• **ABOUT THIS EXERCISE**
A picture-free, exact reproduction of the listing that follows is required.

• **PROVIDED DATA**

= = = = = = =

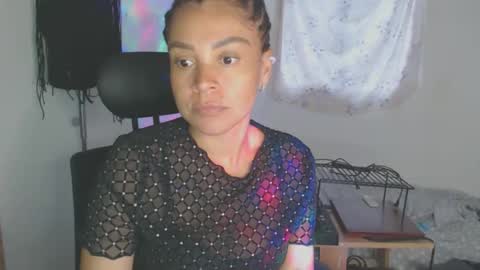 Shayna online show from February 14, 2026, 9:22 pm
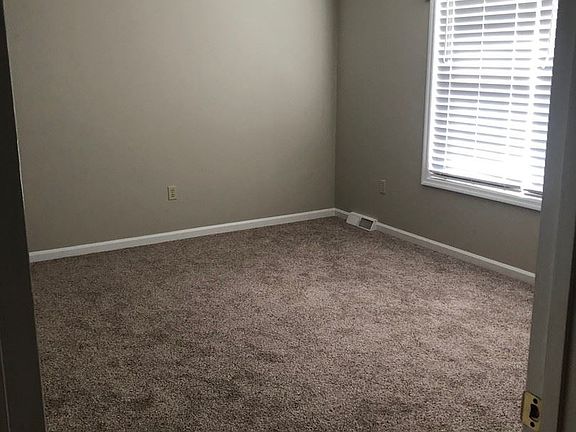 5th image of 254 S Collins St APT 1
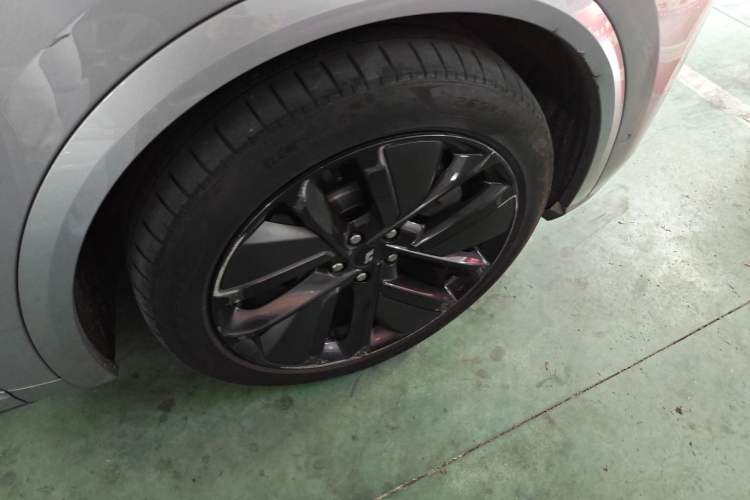 Used Li Auto L9 2022 Max model Exterior 2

= = = = = = =

• **SOLUTION FOR THIS EXERCISE**
 Shayna online show from February 14, 2026, 9:22 pm
 5th image of 254 S Collins St APT 1
 Used Li Auto L9 2022 Max model Exterior 2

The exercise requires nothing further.